Vatican officials realize that no one likes being told no. Every time Rome silences a theologian, or tells a priest to get out of politics, or turns down a document from a bishops’ conference, or orders a Catholic seminary to pull a textbook, Vatican officials know somebody’s going to be unhappy. They also know such crackdowns are likely to generate bad press—sometimes just a rumble, sometimes an avalanche. They realize that these moves can divide the Church internally and blacken its eye externally. While some in the Holy See may pride themselves on displaying nerves of steel in the teeth of such controversy, the vast majority do not seek opportunities to knock heads simply to get a few notches in their belt. The stakes have to be fairly high before most Vatican officials will be willing to intervene.

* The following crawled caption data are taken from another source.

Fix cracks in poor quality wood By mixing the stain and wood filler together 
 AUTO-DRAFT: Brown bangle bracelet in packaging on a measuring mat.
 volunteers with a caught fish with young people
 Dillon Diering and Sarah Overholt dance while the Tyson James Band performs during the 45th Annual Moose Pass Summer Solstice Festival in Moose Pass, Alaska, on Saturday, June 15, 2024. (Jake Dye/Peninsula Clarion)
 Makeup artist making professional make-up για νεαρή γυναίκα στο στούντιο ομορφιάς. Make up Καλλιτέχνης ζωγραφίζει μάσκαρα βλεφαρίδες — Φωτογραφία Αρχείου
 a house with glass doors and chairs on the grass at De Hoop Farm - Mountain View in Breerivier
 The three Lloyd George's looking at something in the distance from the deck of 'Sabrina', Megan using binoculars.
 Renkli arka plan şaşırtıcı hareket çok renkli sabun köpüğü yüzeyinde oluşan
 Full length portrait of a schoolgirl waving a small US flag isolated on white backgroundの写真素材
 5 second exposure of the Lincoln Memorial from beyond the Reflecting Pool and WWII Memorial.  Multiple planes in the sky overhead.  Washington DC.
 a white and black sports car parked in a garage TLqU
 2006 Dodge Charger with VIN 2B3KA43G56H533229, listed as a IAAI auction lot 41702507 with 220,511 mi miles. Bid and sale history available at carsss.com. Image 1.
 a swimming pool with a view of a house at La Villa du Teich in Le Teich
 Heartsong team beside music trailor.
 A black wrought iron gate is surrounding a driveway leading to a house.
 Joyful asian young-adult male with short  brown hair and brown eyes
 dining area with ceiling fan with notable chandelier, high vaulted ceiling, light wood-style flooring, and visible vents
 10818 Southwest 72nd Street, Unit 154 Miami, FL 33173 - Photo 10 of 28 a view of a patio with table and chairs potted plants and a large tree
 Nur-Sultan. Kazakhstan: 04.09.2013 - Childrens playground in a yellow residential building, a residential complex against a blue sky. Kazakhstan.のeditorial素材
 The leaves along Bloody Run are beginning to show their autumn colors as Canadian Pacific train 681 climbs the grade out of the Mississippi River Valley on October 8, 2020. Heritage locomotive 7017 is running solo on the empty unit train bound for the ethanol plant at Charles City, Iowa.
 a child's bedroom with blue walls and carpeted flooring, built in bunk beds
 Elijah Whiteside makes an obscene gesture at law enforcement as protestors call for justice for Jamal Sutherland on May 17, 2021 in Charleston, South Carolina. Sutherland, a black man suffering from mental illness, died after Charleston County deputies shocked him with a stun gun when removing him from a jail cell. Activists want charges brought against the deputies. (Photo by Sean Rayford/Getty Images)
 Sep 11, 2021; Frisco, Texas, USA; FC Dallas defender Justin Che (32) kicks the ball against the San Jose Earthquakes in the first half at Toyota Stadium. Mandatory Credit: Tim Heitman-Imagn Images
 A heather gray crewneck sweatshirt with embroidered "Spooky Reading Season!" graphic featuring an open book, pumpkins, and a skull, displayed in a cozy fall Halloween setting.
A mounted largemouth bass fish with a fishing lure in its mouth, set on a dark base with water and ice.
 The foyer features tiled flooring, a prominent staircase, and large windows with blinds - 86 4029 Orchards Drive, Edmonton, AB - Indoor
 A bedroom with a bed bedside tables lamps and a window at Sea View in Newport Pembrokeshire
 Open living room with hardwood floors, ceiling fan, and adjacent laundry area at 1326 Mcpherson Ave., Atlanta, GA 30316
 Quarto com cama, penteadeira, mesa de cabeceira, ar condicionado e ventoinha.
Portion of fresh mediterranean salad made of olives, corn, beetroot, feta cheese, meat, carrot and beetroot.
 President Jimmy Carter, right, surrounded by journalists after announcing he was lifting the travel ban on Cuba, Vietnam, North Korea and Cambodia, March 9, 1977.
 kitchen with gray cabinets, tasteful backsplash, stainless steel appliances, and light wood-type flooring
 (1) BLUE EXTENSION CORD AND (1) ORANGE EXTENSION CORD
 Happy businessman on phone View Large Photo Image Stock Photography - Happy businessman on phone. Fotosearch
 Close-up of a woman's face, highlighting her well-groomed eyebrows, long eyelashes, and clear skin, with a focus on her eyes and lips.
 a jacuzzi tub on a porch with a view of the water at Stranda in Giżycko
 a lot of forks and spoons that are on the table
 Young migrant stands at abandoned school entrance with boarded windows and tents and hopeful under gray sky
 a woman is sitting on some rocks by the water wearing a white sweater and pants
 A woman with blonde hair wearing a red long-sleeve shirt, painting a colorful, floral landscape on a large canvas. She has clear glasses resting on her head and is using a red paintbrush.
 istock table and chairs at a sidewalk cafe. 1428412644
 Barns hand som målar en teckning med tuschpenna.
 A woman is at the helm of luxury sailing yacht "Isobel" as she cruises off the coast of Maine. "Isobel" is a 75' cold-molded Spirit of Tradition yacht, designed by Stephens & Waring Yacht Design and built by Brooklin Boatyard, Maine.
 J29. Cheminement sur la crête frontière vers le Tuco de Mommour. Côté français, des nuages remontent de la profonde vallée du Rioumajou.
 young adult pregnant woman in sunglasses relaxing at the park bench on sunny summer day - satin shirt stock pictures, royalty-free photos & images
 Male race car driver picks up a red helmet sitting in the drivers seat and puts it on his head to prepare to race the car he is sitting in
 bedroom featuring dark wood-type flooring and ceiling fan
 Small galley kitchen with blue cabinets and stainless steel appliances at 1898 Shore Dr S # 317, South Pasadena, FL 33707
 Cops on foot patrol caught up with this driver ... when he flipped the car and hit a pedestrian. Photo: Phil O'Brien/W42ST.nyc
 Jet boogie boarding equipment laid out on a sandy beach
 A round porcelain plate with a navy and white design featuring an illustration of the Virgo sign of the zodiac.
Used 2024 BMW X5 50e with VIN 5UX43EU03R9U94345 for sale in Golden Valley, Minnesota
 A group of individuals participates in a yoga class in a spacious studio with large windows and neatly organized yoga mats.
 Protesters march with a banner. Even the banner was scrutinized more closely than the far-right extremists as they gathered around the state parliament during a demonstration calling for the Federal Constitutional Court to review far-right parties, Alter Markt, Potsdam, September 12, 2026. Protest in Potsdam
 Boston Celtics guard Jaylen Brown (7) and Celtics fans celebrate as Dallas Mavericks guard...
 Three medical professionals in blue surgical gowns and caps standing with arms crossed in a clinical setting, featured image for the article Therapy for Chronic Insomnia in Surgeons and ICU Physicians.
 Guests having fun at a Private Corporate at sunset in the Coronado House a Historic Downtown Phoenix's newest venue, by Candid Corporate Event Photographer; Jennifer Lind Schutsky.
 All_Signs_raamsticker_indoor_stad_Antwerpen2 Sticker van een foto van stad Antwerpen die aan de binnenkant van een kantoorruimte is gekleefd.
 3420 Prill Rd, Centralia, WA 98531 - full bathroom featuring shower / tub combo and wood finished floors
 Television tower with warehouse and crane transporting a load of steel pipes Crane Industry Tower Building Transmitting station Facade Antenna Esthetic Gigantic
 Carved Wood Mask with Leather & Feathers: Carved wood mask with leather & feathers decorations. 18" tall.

That said, perceptions as to just what the stakes are, and when they’re high enough to justify action, can be very different in Rome than in other places. To outsiders, Vatican choices can occasionally seem not just debatable, but almost inexplicable. Such was the case in mid-November 1997, for example, when the Holy See released a document titled
Instruction on the Collaboration of the Non-ordained Faithful in the
Sacred Ministry of Priests
. The prefects of eight congregations signed the letter (technically known as an interdicasterial document) and the Pope approved it. Among its other provisions, the document stipulated that:

Only a priest can direct, coordinate, moderate, or govern a parish.

Laity may not assume titles such as pastor, chaplain, coordinator, moderator, which can confuse their role with that of the pastor, who is always a bishop or priest.

The homily during Mass must be reserved to the priest or deacon, even if laypeople act as pastoral assistants or catechists.

In Eucharistic celebrations, deacons or laity may not pronounce prayers or any other parts of the liturgy.

Laity may not wear sacred vestments (stoles, chasubles, or dalmatics).

Laity may distribute Communion only when there are no ordained ministers, or when those ordained ministers are unable to distribute Communion.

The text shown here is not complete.